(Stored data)
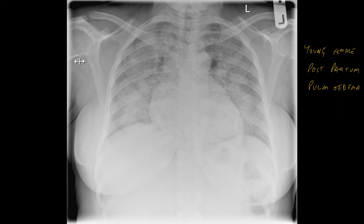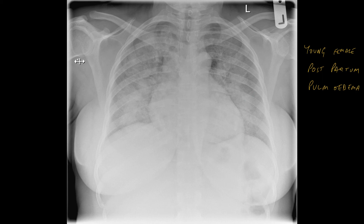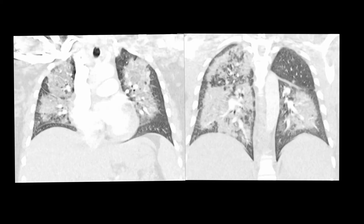Here is a young lady who, postpartum, developed acute onset pulmonary oedema. You can see alveolar shadowing. It's difficult to see whether or not there is a pleural effusion. The patient underwent CT to exclude pulmonary embolism, and the CT very nicely shows this perihilar alveolar pulmonary oedema. You can just make out some curly B lines, so there is evidence of interstitial pulmonary oedema in this patient.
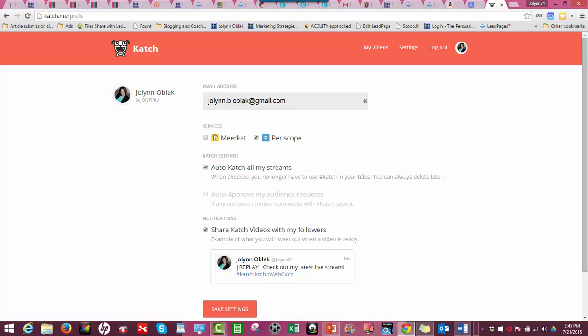You don't have to put the hashtag in your title, although I still do and other people I know still do. So you might do that just to be safe. But if you do this and you click this, you should not have to do that. There's just one more thing you have to do to make sure Katch knows you're doing a broadcast.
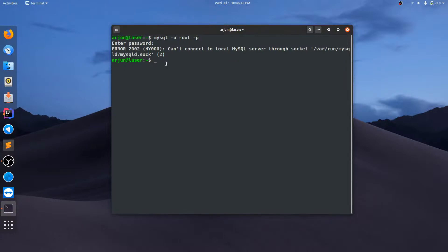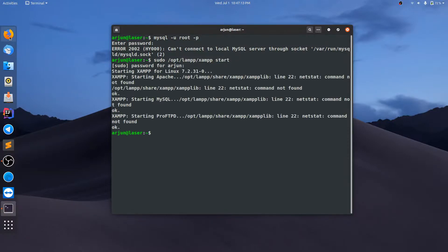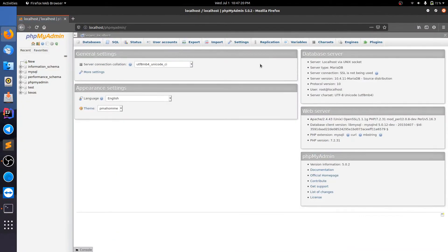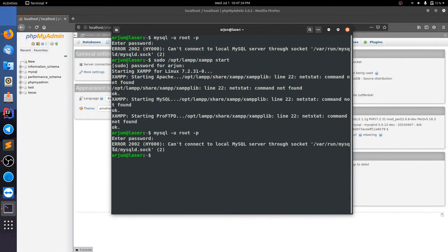First, I'll show you how to start XAMPP and use phpMyAdmin. If you are getting this kind of error, you can still access your databases using phpMyAdmin. Type 'sudo' to start XAMPP, then open your browser, type 'localhost', and click on phpMyAdmin. You can see here these are my databases — these are what should be shown when you type the MySQL command as well. But the command line still won't work; you can access from phpMyAdmin but not from the terminal command.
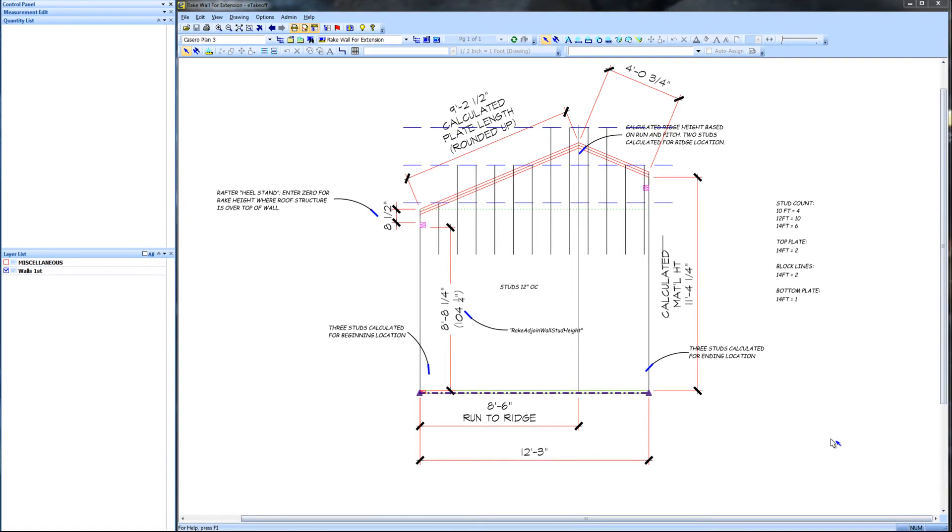Rake walls are those walls that follow the pitch of a roof and are usually found at gable ends, but not always. Because each stud in a rake wall is a different length and thus come from different length materials, it is difficult for any software program to estimate the materials needed for a rake wall.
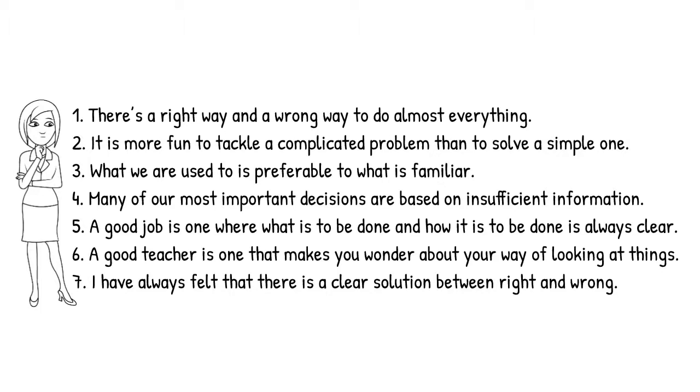If you agreed with statements one, three, five, and seven, it's likely that you prefer to have more certainty in many situations.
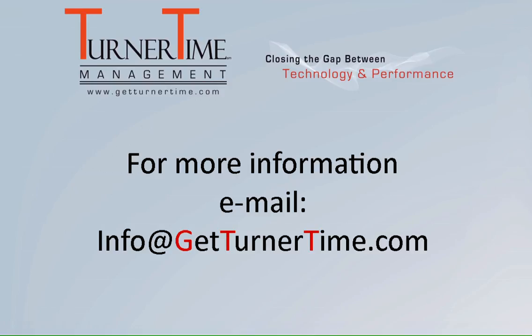If you have any questions, please email info at GetTurnerTime.com. Thanks for watching and have a productive day.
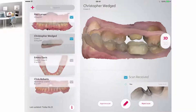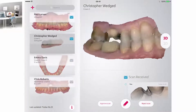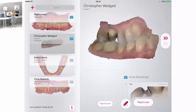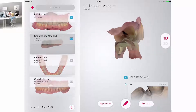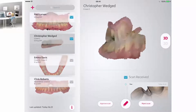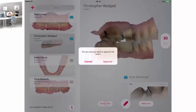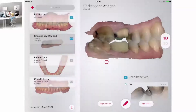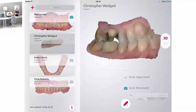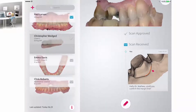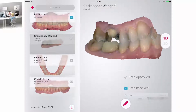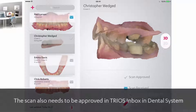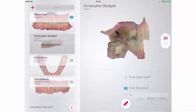The lab user that the case has been sent to will notice two buttons below: approve scan and reject scan. You can now approve or reject the scan. If the comments added do not disqualify the case, it can be approved. A pop-up will appear prompting for confirmation of your approval. When you approve, you will get a notification that the scan has been approved below the 3D view. Remember that in order to work on the case in the dental system, it also needs to be approved in the TRIOS inbox.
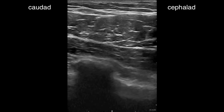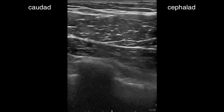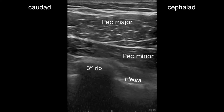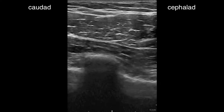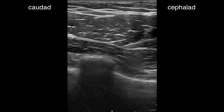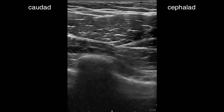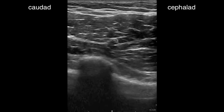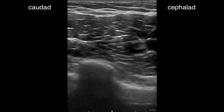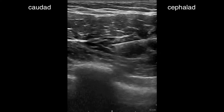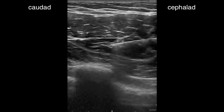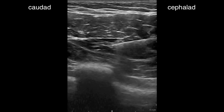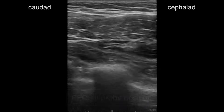Here's the pec major and minor and the third rib in real time. You can see pleura on either side of the rib. The needle enters from the cephalad aspect, passing through the pec major and entering the fascial plane between the two pec muscles. After negative aspiration, 10 mils of local anesthetic is administered. There's often a visible artery in this plane above the third rib — the pectoral branch of the thoracoacromial artery. It's a good landmark as it's close to the medial and lateral pectoral nerves, but take care not to injure it.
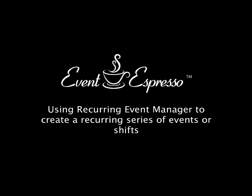Hi, my name is Chris Reynolds and in this screencast I'm going to show you how to create a recurring event in Event Espresso for the purpose of creating shifts.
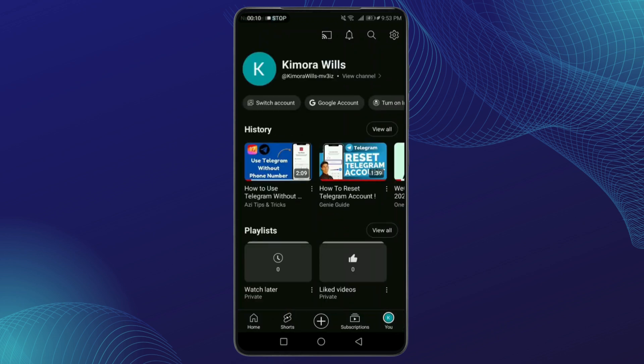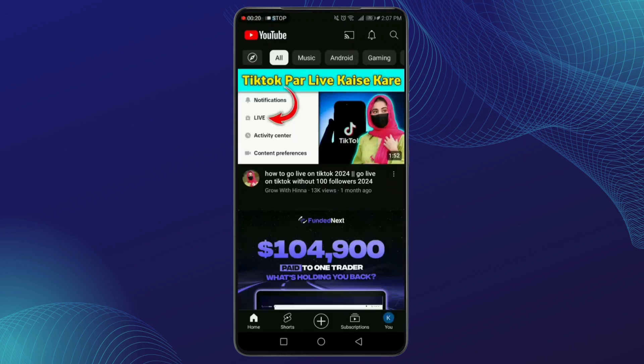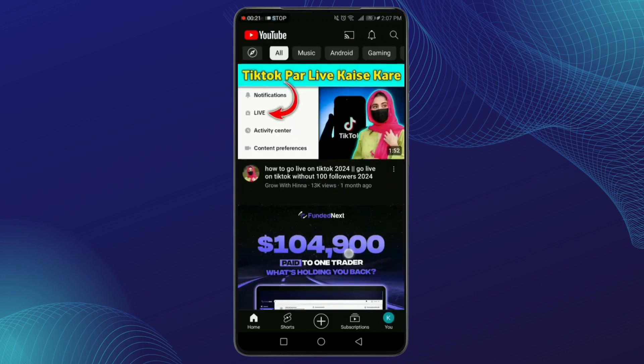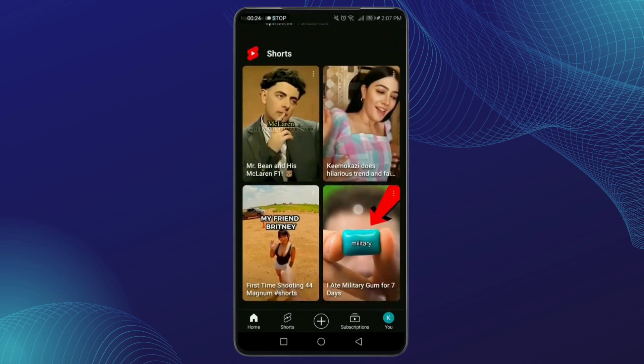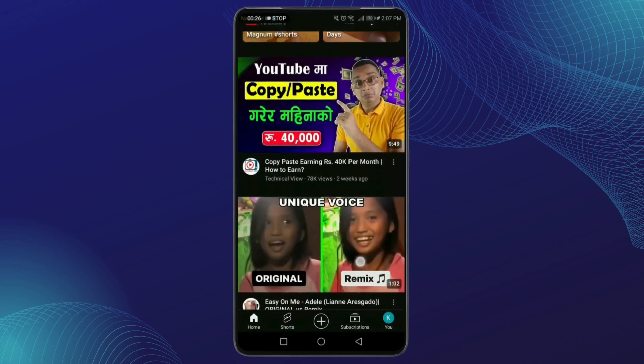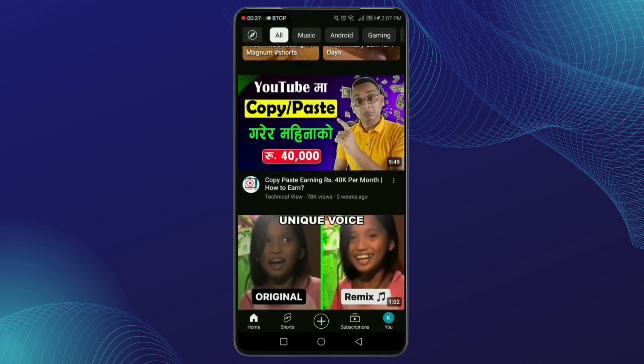Once you have the green light, you can proceed to the next step. Step two: using YouTube Premium. If you're trying to download your own private video, one of the easiest ways is through YouTube Premium. And that's all there is to it.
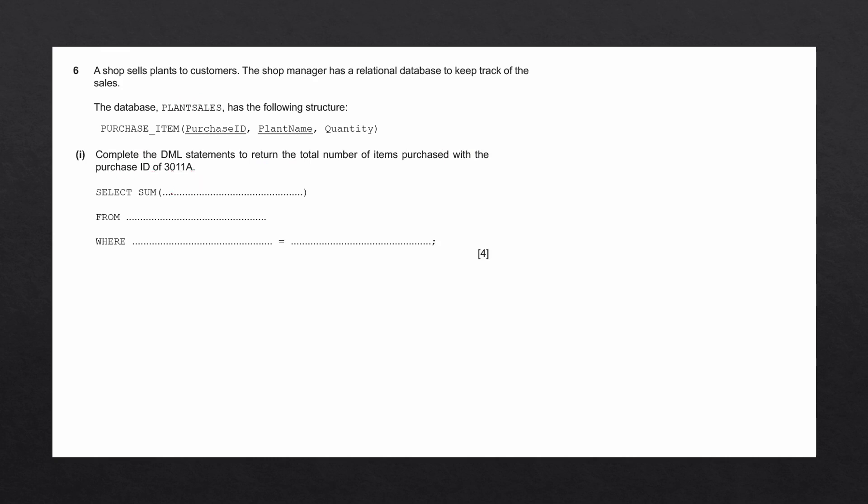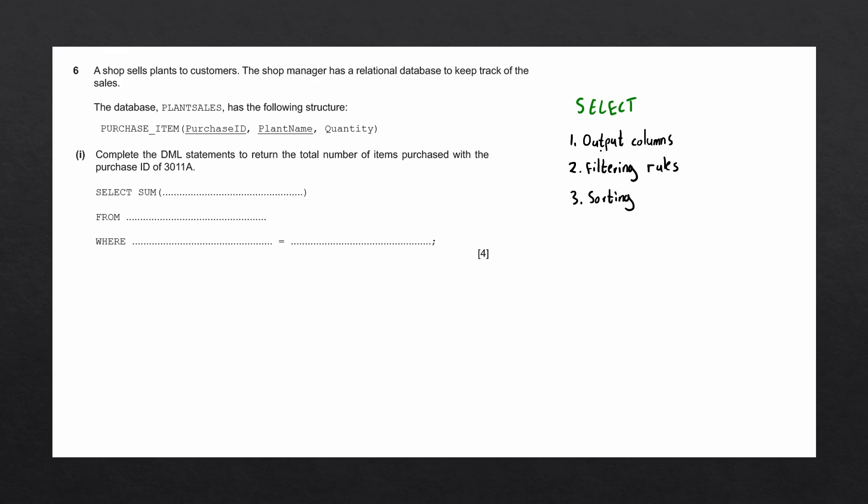In this question, they've given us an outline of the select statement, so we already know that we want to use a select statement. Let's again write our three-step process. First we'll look for the output columns, in other words, the attributes that are going to be displayed in the output.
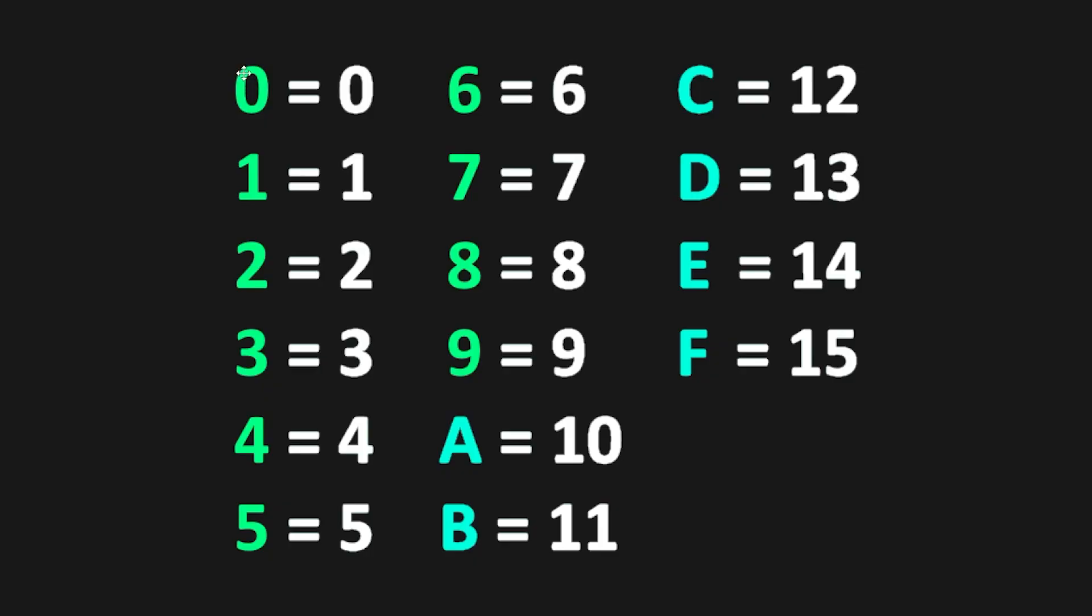Here's a key. Starting with 0, 0 equals 0, 1 equals 1, all the way till 9, 9 equals 9. But we also have letters to represent single digits. A equals 10, B equals 11, C equals 12, all the way to F, which equals 15. Each of these letters has a corresponding value.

### Exercise description
Starting with the first line of the data, transcribe every line exactly through the one containing "First, I'll show". No pictures go in.

### Output of the exercise
Here is a young lady who, postpartum, developed acute onset pulmonary oedema. You can see alveolar shadowing. It's difficult to see whether or not there is a pleural effusion. The patient underwent CT to exclude pulmonary embolism, and the CT very nicely shows this perihilar alveolar pulmonary oedema. You can just make out some curly B lines, so there is evidence of interstitial pulmonary oedema in this patient.
You don't have to put the hashtag in your title, although I still do and other people I know still do. So you might do that just to be safe. But if you do this and you click this, you should not have to do that. There's just one more thing you have to do to make sure Katch knows you're doing a broadcast.
First, I'll show you how to start XAMPP and use phpMyAdmin. If you are getting this kind of error, you can still access your databases using phpMyAdmin. Type 'sudo' to start XAMPP, then open your browser, type 'localhost', and click on phpMyAdmin. You can see here these are my databases — these are what should be shown when you type the MySQL command as well. But the command line still won't work; you can access from phpMyAdmin but not from the terminal command.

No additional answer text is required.